Raphael Assuncao vs. Aljamain Sterling
Initially booked for the UFC’s first trip to Albany, Sterling was forced out with a minor injury and the clash of bantamweight hopefuls looking to bounce-back was re-booked for this event in Denver.
After nearly two years on the sidelines dealing with myriad ankle injuries, Assuncao got a stern test in his return to work, facing off with TJ Dillashaw at UFC 200. While he came up short, it was his first loss since shifting to the 135-pound weight class and a reminder of how good the Brazilian-born, Atlanta-based veteran is when healthy.
For Sterling, this is an opportunity to rebound from the first loss of his professional career with a strong performance against an established threat after coming up short in his bout with Bryan Caraway back in May. “The Funkmaster” started hot in that one, but faded fast, and needs to show he’s make the requisite adjustments in order to compete with the division’s elite.
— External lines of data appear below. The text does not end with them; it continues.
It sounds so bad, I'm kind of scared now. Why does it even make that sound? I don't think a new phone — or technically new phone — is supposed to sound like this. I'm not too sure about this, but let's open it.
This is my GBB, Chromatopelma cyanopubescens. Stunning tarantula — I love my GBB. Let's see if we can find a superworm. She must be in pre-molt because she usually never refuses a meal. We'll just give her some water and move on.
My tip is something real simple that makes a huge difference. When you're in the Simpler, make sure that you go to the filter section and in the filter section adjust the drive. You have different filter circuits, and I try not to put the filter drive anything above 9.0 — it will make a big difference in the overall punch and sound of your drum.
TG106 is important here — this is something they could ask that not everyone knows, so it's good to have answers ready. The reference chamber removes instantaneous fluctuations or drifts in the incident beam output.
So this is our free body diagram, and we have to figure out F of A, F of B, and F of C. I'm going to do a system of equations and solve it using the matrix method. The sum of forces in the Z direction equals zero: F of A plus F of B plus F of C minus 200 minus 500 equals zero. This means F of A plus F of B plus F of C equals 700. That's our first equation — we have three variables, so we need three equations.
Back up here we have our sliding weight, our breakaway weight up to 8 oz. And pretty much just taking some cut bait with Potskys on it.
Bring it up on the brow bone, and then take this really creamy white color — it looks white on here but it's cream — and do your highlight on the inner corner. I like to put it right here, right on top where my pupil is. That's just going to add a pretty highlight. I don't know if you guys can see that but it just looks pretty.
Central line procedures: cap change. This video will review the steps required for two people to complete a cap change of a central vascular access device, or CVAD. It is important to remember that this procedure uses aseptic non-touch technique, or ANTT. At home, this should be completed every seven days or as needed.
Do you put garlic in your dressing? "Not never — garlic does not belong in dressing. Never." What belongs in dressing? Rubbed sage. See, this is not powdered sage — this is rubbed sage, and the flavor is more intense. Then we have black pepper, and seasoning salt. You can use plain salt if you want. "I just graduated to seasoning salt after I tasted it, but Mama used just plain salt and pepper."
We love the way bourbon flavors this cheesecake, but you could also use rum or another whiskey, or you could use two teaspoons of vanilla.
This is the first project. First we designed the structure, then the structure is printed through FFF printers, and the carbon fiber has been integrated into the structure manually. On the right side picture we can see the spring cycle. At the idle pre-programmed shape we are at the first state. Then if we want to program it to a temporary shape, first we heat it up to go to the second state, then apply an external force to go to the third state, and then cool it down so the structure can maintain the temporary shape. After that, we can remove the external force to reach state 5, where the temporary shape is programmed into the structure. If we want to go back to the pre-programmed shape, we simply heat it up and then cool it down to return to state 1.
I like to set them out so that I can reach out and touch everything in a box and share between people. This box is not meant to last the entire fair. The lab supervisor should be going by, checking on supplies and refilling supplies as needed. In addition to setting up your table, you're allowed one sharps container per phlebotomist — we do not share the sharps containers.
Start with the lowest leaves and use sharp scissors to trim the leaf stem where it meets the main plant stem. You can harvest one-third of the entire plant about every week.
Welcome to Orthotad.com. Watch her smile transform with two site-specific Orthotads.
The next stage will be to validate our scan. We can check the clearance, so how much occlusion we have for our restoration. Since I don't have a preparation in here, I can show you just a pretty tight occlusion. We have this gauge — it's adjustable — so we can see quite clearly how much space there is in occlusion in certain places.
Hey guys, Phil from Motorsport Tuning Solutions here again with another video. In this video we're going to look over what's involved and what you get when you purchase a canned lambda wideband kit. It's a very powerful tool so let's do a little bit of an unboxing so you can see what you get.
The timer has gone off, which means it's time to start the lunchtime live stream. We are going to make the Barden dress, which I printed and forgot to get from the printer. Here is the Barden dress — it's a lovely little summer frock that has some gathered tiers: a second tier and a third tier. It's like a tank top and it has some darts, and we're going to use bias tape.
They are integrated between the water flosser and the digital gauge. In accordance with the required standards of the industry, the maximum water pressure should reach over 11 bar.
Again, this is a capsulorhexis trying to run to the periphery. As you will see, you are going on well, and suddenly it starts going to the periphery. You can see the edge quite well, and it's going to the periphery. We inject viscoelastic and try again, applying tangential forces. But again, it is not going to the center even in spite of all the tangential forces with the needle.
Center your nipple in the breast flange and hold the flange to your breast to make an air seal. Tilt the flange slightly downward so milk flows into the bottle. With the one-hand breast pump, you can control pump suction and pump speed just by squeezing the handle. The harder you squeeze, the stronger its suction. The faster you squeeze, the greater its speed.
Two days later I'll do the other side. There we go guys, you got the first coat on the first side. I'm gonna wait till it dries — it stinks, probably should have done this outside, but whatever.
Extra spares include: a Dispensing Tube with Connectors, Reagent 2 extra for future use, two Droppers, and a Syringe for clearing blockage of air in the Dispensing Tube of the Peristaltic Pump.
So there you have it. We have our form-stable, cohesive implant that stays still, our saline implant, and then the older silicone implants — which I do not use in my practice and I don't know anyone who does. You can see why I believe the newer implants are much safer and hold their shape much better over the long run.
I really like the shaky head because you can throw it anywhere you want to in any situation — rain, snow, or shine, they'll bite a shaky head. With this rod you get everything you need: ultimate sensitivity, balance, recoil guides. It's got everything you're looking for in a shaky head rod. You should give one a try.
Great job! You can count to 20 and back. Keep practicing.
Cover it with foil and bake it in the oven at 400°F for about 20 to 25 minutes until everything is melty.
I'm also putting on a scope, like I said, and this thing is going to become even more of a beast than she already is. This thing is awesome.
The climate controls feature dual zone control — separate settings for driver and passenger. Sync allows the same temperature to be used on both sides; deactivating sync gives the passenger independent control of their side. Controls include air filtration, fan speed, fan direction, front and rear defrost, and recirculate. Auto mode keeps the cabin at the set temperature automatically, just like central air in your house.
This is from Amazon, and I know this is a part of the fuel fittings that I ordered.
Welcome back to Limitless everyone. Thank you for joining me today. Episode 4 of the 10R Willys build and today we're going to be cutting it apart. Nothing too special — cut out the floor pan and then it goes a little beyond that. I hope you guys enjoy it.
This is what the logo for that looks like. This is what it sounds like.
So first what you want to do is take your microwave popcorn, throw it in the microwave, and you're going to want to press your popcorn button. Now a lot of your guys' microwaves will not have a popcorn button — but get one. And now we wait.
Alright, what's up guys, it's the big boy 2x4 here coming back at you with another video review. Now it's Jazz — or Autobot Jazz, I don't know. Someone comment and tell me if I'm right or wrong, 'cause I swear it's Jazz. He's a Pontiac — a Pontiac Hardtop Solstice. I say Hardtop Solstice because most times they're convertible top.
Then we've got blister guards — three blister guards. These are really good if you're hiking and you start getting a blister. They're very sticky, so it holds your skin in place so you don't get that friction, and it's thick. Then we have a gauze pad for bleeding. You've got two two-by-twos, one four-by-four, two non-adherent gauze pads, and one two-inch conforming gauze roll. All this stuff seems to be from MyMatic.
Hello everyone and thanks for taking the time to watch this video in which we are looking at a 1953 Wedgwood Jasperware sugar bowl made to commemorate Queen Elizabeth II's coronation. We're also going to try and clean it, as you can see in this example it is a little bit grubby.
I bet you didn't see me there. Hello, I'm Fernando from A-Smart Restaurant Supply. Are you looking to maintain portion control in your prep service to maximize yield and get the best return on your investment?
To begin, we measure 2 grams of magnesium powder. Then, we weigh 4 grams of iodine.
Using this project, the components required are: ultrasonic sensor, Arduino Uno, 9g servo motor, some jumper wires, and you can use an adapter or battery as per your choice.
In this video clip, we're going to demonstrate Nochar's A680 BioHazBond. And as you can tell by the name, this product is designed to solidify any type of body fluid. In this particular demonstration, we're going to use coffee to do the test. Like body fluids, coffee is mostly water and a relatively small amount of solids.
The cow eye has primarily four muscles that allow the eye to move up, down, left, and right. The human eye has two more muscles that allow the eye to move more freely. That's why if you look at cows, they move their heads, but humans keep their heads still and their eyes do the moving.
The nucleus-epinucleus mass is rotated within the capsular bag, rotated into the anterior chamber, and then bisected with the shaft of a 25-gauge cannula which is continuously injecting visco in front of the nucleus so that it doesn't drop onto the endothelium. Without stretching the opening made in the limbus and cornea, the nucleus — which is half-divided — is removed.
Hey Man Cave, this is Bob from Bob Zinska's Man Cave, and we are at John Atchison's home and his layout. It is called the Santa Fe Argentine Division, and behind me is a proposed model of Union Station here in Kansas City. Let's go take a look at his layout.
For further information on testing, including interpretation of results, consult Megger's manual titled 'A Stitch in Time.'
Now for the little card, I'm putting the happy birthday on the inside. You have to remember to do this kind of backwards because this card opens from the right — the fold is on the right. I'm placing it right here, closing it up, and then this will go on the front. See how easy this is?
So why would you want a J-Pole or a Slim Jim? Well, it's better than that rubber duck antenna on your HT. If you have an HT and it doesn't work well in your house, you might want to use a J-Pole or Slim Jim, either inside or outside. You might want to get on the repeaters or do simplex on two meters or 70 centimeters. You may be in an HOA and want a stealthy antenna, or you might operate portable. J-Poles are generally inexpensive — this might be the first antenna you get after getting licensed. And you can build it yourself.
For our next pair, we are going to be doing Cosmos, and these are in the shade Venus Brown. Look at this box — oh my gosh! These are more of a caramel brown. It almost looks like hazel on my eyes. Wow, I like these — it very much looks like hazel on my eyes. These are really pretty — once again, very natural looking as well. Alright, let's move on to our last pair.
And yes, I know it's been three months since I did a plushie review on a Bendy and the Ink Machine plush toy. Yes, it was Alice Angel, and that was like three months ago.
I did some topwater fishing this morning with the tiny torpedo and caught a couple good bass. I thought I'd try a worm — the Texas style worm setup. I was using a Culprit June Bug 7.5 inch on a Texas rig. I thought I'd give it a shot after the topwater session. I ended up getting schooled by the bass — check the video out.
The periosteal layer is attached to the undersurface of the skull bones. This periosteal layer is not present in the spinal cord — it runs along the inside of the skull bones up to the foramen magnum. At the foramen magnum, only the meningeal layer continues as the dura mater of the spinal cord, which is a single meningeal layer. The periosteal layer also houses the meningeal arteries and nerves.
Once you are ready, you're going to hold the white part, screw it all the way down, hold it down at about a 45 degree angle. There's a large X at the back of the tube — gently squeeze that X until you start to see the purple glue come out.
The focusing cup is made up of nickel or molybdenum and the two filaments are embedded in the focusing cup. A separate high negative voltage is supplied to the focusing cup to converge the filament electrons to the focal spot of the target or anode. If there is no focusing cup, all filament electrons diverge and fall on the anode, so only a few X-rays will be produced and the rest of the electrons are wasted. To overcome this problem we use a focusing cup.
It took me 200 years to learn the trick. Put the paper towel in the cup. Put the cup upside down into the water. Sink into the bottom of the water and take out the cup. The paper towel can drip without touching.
After starting 2016 on a six-fight winning streak and in title contention, things went seriously south for Arlovski as the former champion dropped three straight contests to slide back into the middle of the pack in the heavyweight division. Now, the cagey veteran looks to rebound and start 2017 off right, but in order to do so, he’ll need to stop one of the most promising newcomers to arrive in the division in quite some time.
Ngannou is already a scary proposition due to his sheer size and obvious power, but what really makes him stand out as a prospect is how much he’s developing between fights and continuing to show each time he steps into the cage. After blistering Curtis Blaydes and Bojan Mihajlovic, Ngannou nearly ripped Anthony Hamilton’s arm off with a kimura last month in Albany to win his eighth straight and fifth in the UFC.
If he adds Arlovski’s name to his list of conquests, the 30-year-old will establish himself as the one to watch in 2017.
Regardless of recent performances, a matchup between these two veterans would find its way onto this collection because both are thoroughly entertaining and always down to scrap. The fact that they’ve both been making some noise in the welterweight division only makes it more fun.
“Cowboy” thought he was just moonlighting at 170 pounds when the year began, but after four straight finishes, he’s climbed to No. 5 in the rankings and is showing the best form of his lengthy career. Masvidal made the move up the previous summer and dropped a couple split decisions earlier in his welterweight run, but with back-to-back wins over Ross Pearson and Jake Ellenberger, “Gamebred” has shown that he’s just as smooth and underrated here as he was at lightweight.
Both men fought in early December and wanted to get back at it – Cerrone eager to fight in his home state of Colorado; Masvidal hunger to lock up with a guy he’s been chasing for years – so the papers were signed, the bout is set and the fans get one helluva fight to set the table for the main event.
With Amanda Nunes having cemented her standing atop the women’s bantamweight division with her 48-second dismantling of Ronda Rousey at UFC 207, this clash of top contenders could very well determine who will be the first to challenge “The Lioness” for her title in 2017.
Shevchenko rebounded from a decision loss to the champion in March with a dominant effort against Holly Holm in July, also in the main event of a UFC on FOX event. The 28-year-old kickboxer counters well, has excellent conditioning and isn’t bothered by the big stage, having fought a trio of talented, established names in her first three Octagon appearances.
As for Pena, she picked up her fourth straight UFC victory – and third consecutive win following knee surgery – with a dominant decision against Cat Zingano at UFC 200 in July. A strong positional grappler with a very good top game, Pena has been able to dictate the location of all her UFC appearances to date and if she can do the same against Shevchenko and earn another victory, the title shot she’s been demanding for the last year could follow.